Por Ana Carolina Amaral, especial de Paris para Envolverde –
Uma avalanche de eventos concorrentes. Um turbilhão de informações. Um furacão de anúncios, notícias, novas parcerias e investimentos. Tudo isso compõe – licença para o trocadilho – os eventos climáticos extremos da COP do Clima. Muitas vezes alertados em cima da hora, eles podem ser extremamente enganosos. Dão a impressão de que está tudo bombando (sem trocadilho aqui, gente!).
Se a decisão é cobrir o evento do fim dos subsídios aos combustíveis fósseis (pauta bombada da segunda-feira), vamos lá ouvir o ministro da Nova Zelândia no palco – quem logo depois ganhou o respaldado antiprêmio Fóssil do Dia, por ter aprovado mais finaciamento à produção de combustíveis no seu país. Se a pauta é florestas, vamos lá ouvir o ministro Joaquim Levy atribuindo ao novo Código Florestal o sucesso da conservação brasileira – elogiada por outros líderes como um modelo a ser seguido, apesar do desmatamento ter aumentado no último ano. Alguns alertas de eventos atribuiram às florestas o grande foco de atenção da terça-feira. Já para essa quarta os lançamentos, anúncios e parcerias decidiam – como que em um movimento orgânico, só que não – dar atenção aos esquecidos oceanos e à questão primordial do clima: a água. Para o últimos dias da semana estão programados eventos sobre resiliência e adaptação.

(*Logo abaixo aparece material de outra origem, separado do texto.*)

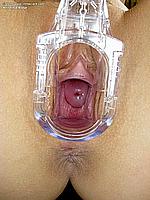 406_085_cervix-speculum-teen-pussy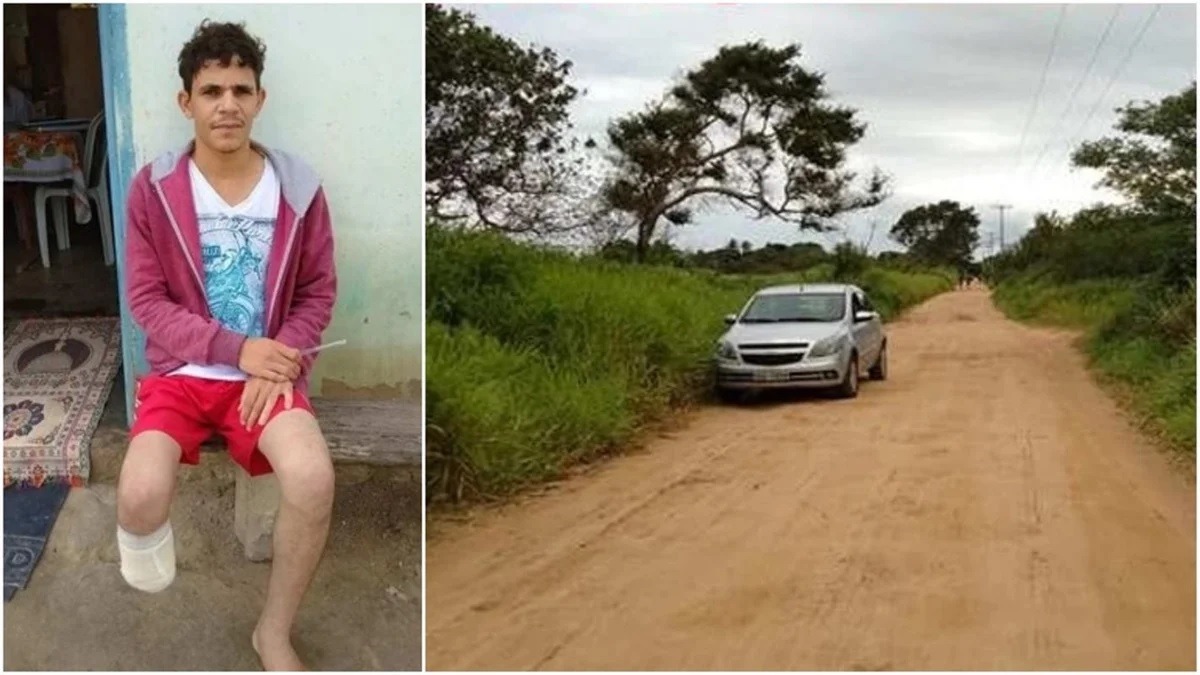 Plano chocante: servidor amputa a própria perna para aplicar golpe de R$ 1,5 milhão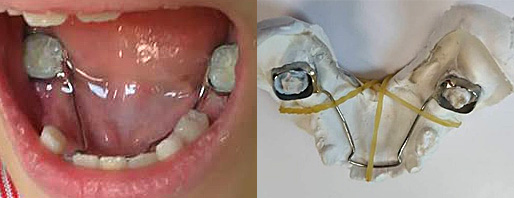 口腔牙齒保健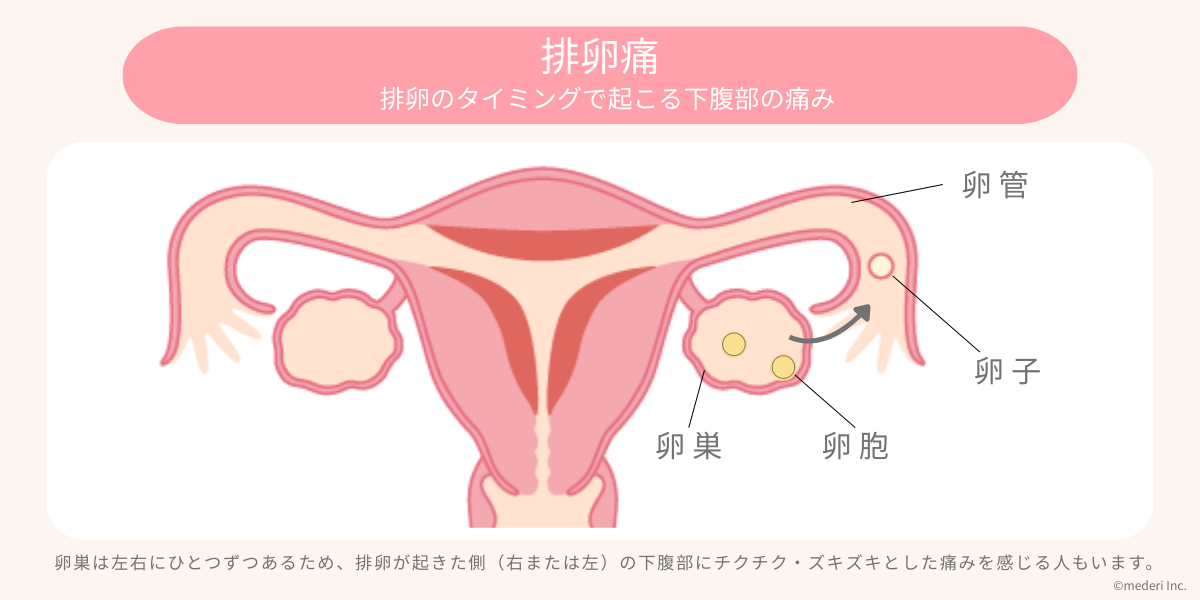 排卵痛が起こる仕組みの図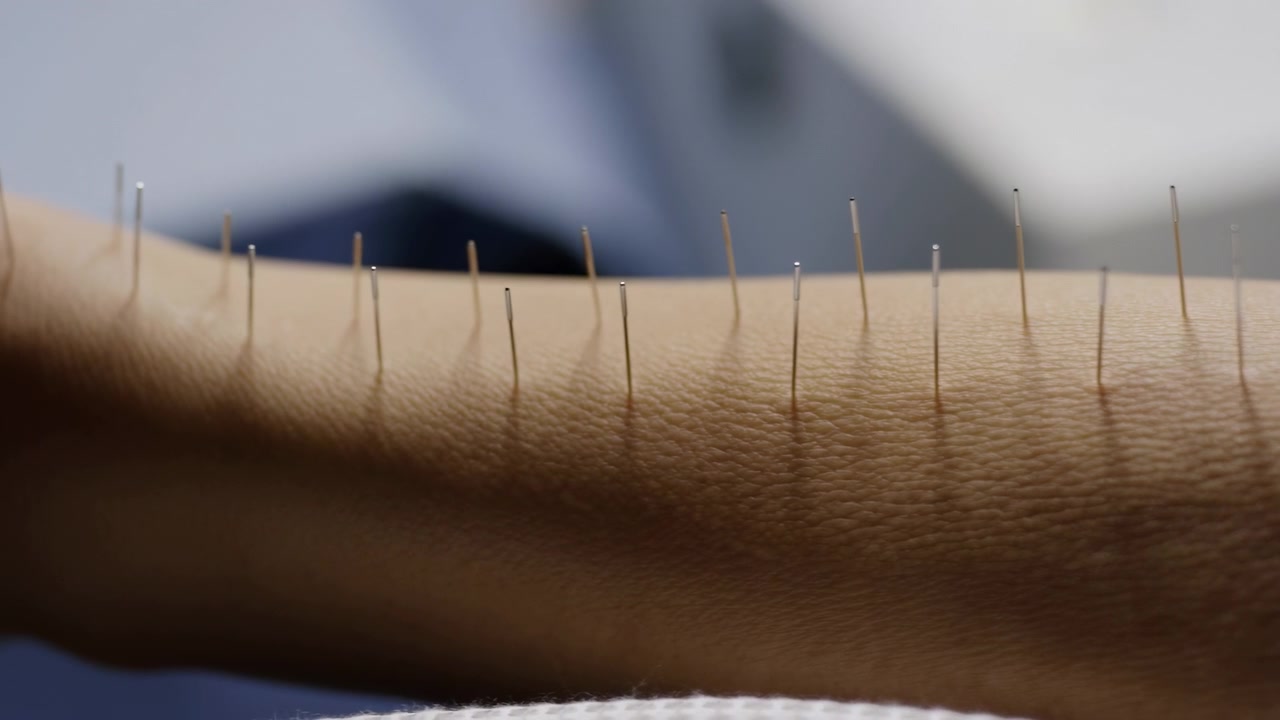 Molti sottili aghi da agopuntura in acciaio inossidabile sono eretti lungo la pelle dell'avambraccio umano sotto una morbida illuminazione clinica, con sottili rientranze nei punti di ingresso, una texture superficiale fine e un ambiente medico asettico.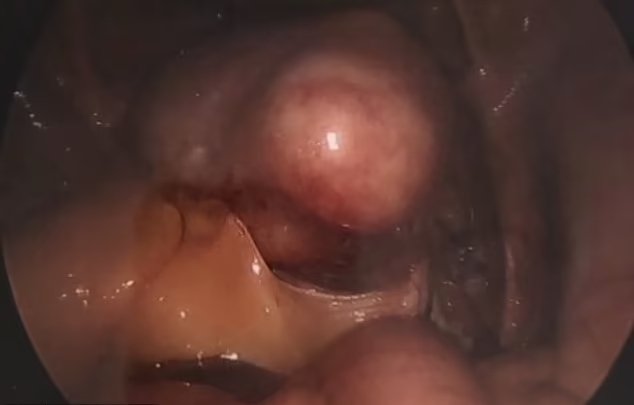 imagem de cistos do tamanho de toranjas no útero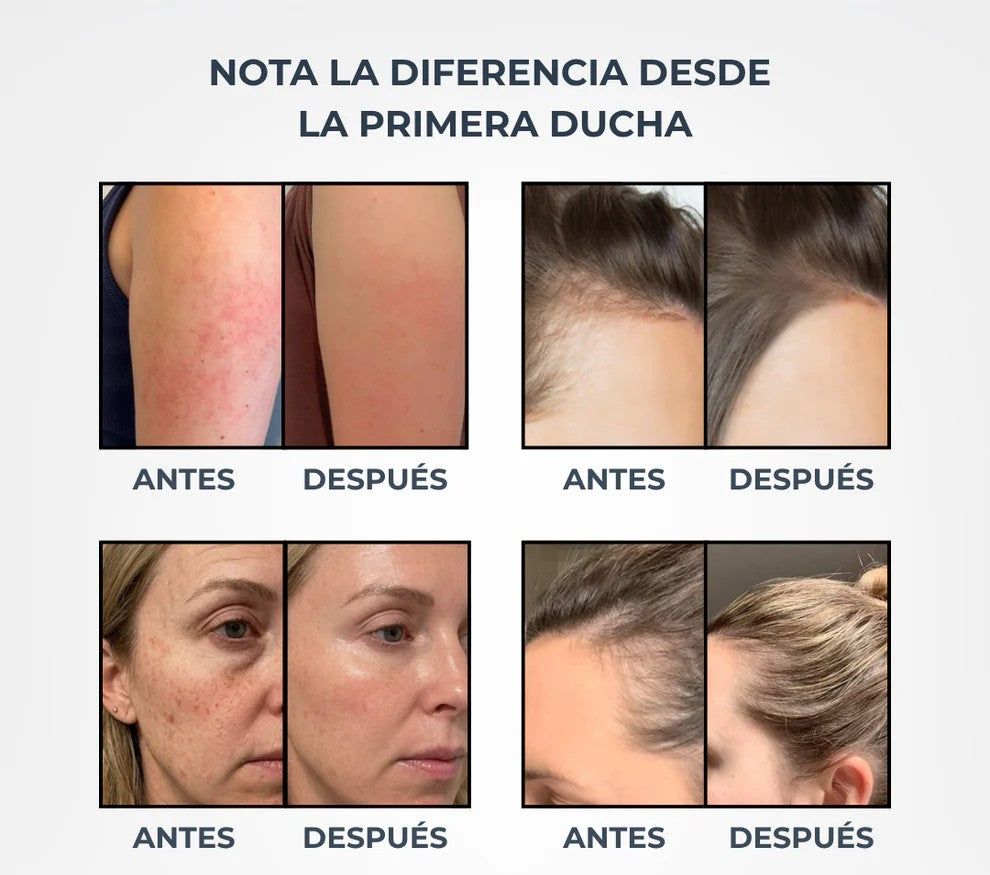 Cabezal Multifuncional de Alta Presión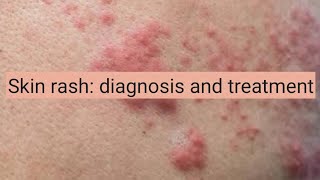 Skin Rash diagnosis and treatment [upl. by Lathrop742]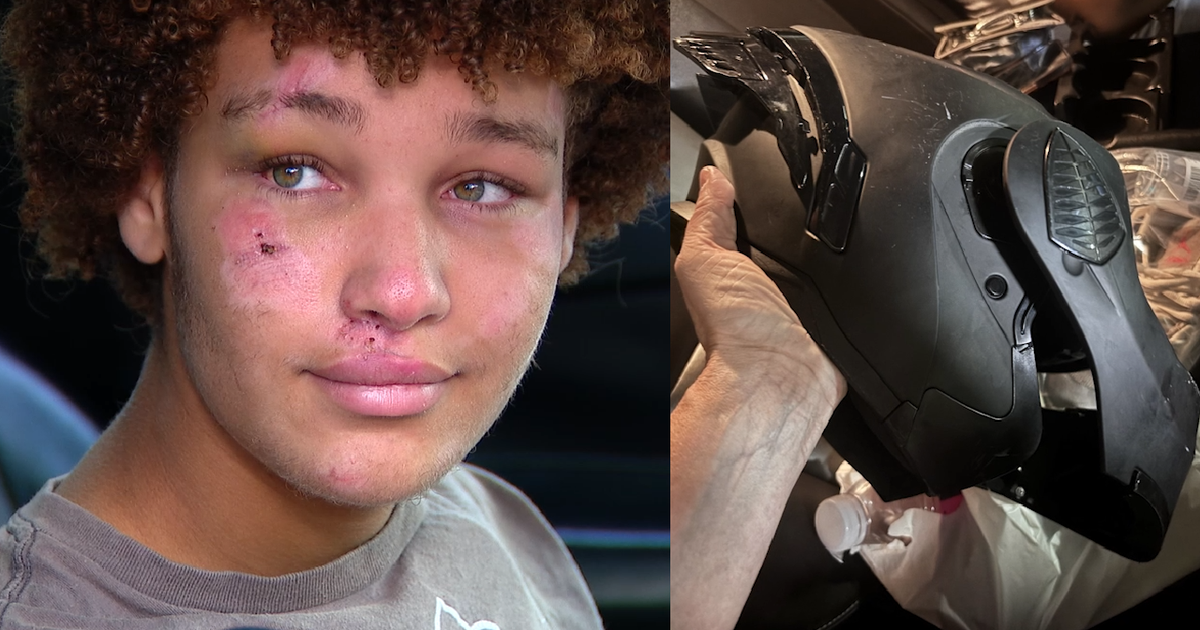 'Just got smacked': Florida 14-year-old credits helmet for saving life in crash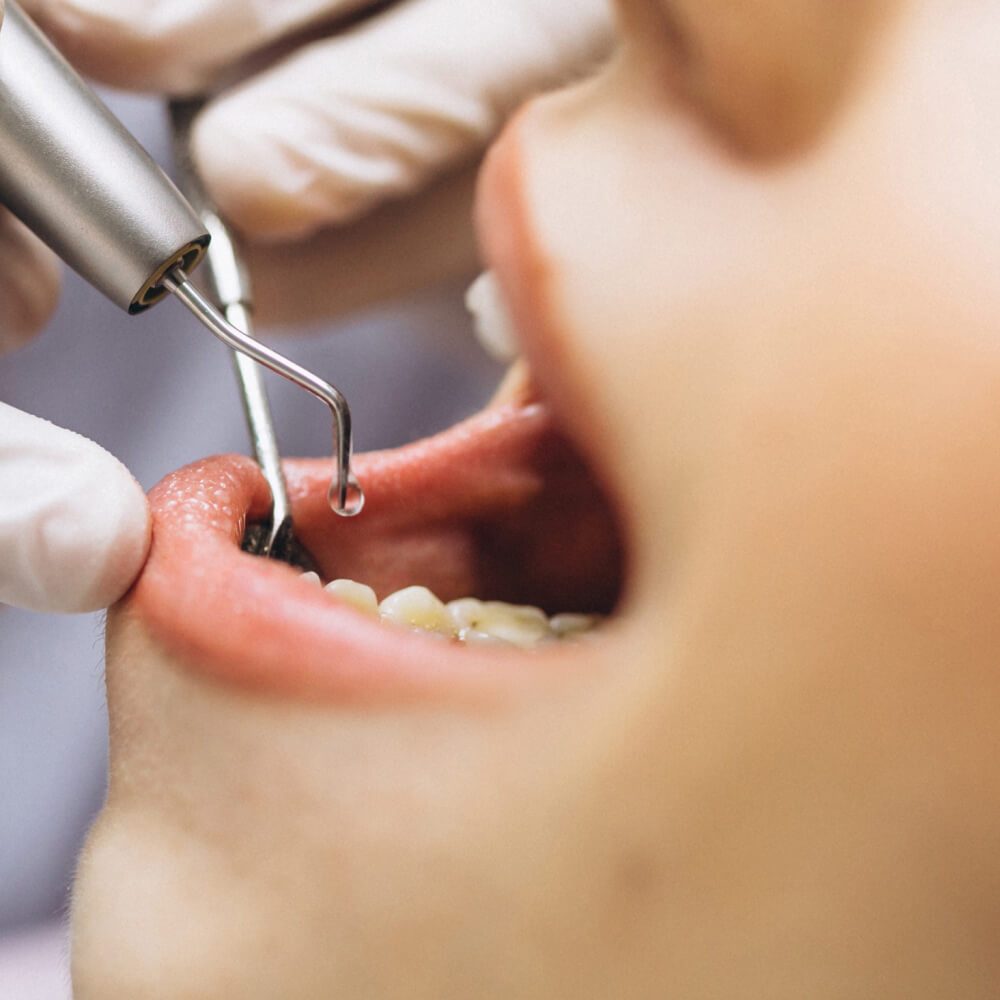 dentes e saude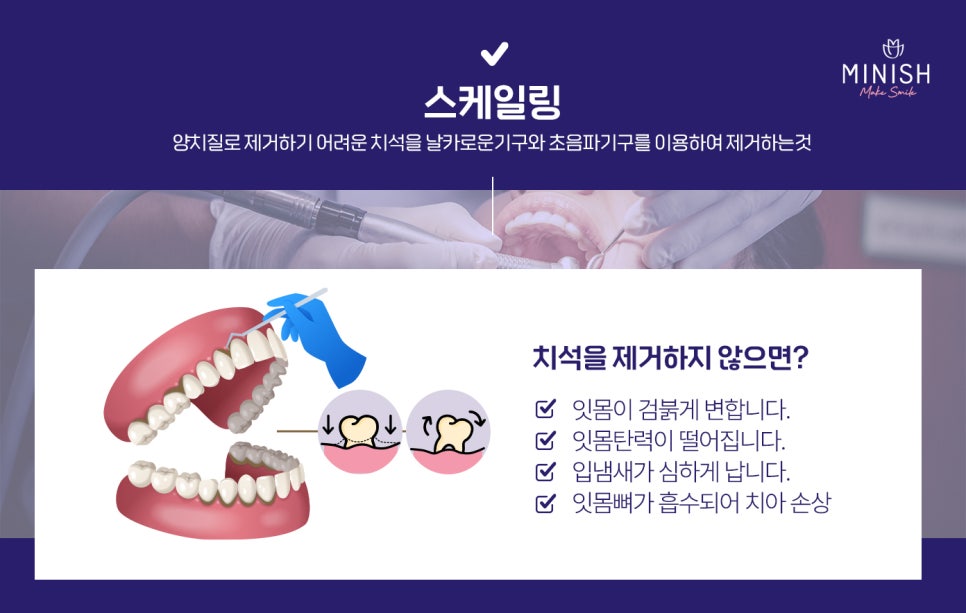 스케일링 주기, 1년에 몇 번 하는게 좋을까? 관련 이미지 2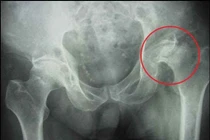 Hoại tử chỏm xương đùi do uống rượu và hút thuốc lá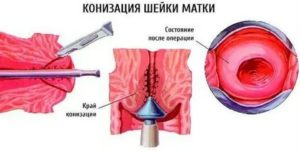 Какие препараты принимать после конизации шейки матки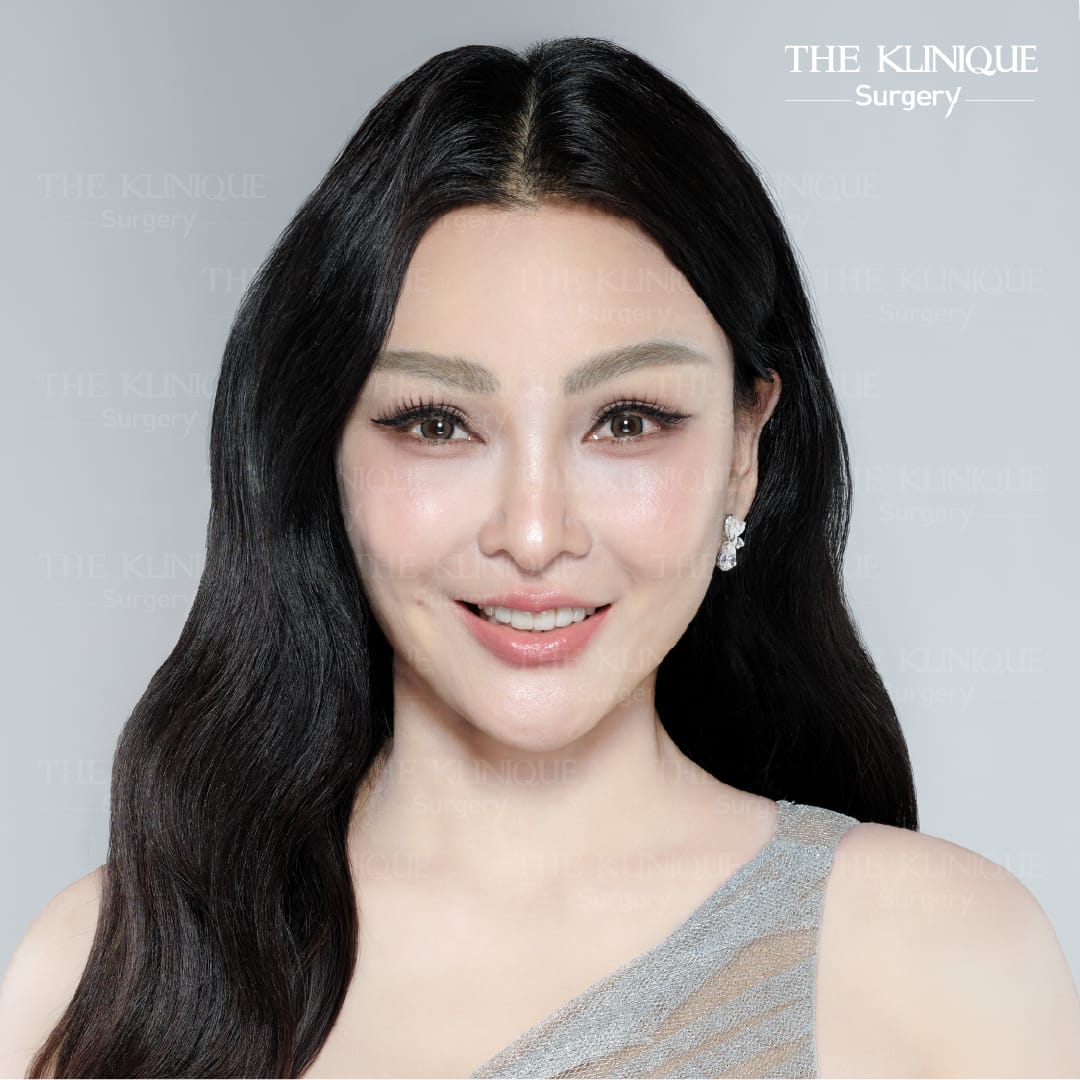 รีวิว ดึงหน้า Facelift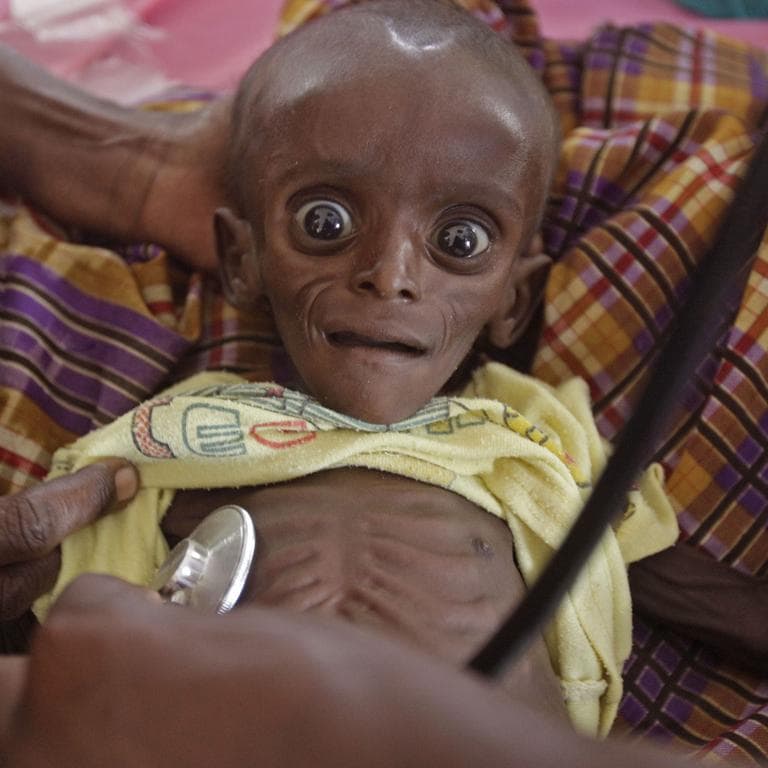 Mihag Gedi Farah, a seven-month-old child with a weight of 3.4kg, is held by his mother in a field hospital of the International Rescue Committee, IRC, in the town of Dadaab, Kenya, Tuesday, July 26, 2011. (AP)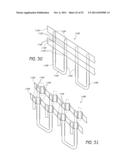 EXPANDABLE SLIDE AND LOCK STENT diagram and image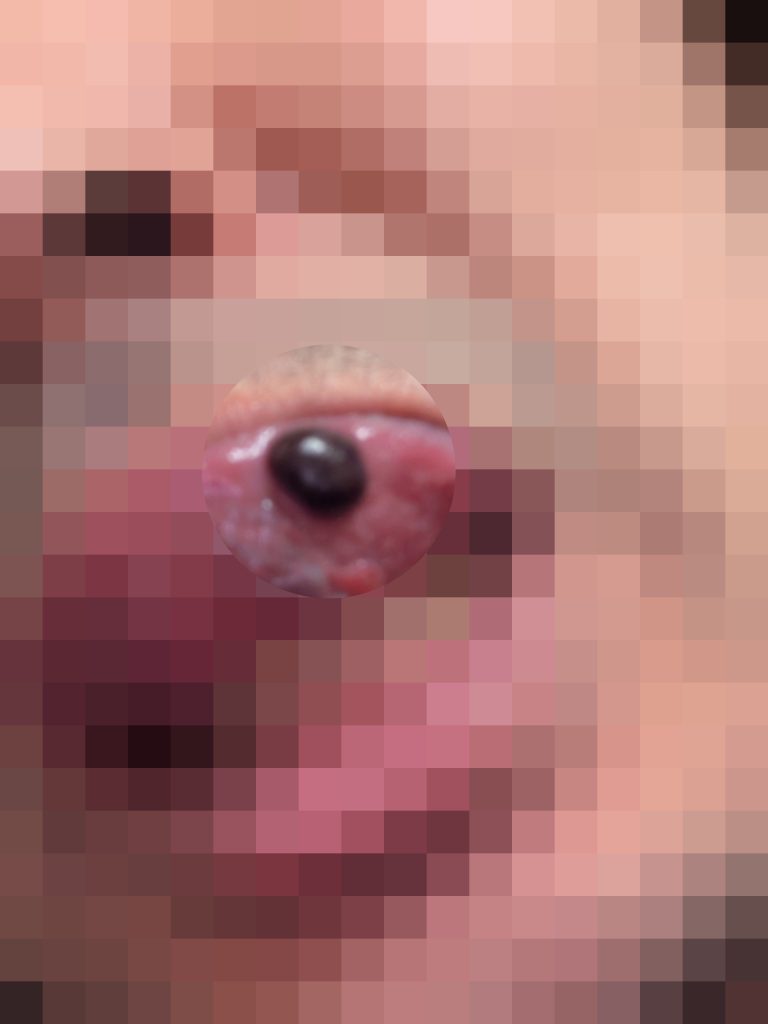 口の中に血豆が出来た。口腔内血疱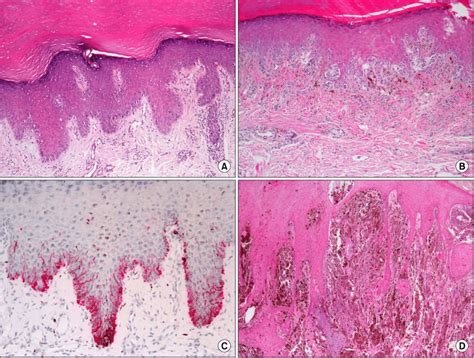 Melanoma In Situ Histology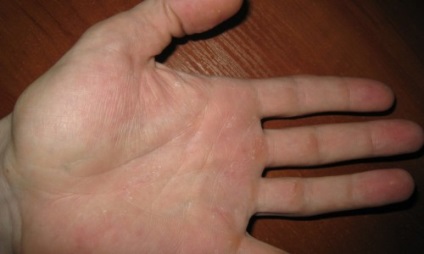 Tratamentul ciupercilor pe unghiile picioarelor și mâinilor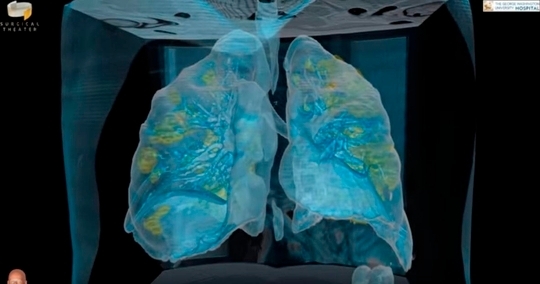 코로나19 확진자의 폐 모습을 VR로 구현한 영상.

É impressionante que em três dias de COP esses temas importantes tenham marcado presença na agenda com discursos que tocam na ferida, junto a anúncios de parcerias e investimentos voluntários. Desta vez, o que nos distrai do que está em jogo não é um problema, mas um chafariz jorrando permanentemente litros de soluções voluntárias, envolvendo os vários setores da sociedade. Elas incidem sobre o cerne das questões climáticas e, por isso, fazem parecer que a COP está dando certo. Quando, factualmente, os acordos, investimentos e parcerias que nos trazem aqui mal começaram a acontecer.
Esta é a chance, em cima da hora, de se chegar a um acordo climático que substitua o findo Protocolo de Kioto e inaugure uma fase de compromissos centrais com a questão climática, já que o futuro chegou e estamos falando de consequências já presentes. O texto desse documento ainda está praticamente todo entre colchetes, ou seja, com múltiplas sugestões que podem firmar ou afrouxar os nível de comprometimento dos países. Ainda não se sabe se o documento terá força de lei, como vamos financiar essa transição para uma economia de baixo carbono, como distribuir as responsabilidades diferenciadas entre os blocos de países, como se darão as parcerias para transferência tecnológica e o suporte aos países mais afetados. As propostas que os países fizeram ao longo do ano para corte de emissões (os INDC) ajudam e criam disposição para um acordo, mas não são suficientes para limitar o aquecimento médio a menos de 2oC. E, adivinha? Também não se sabe ainda qual instrumento vai complementar o que faltou nas metas voluntárias.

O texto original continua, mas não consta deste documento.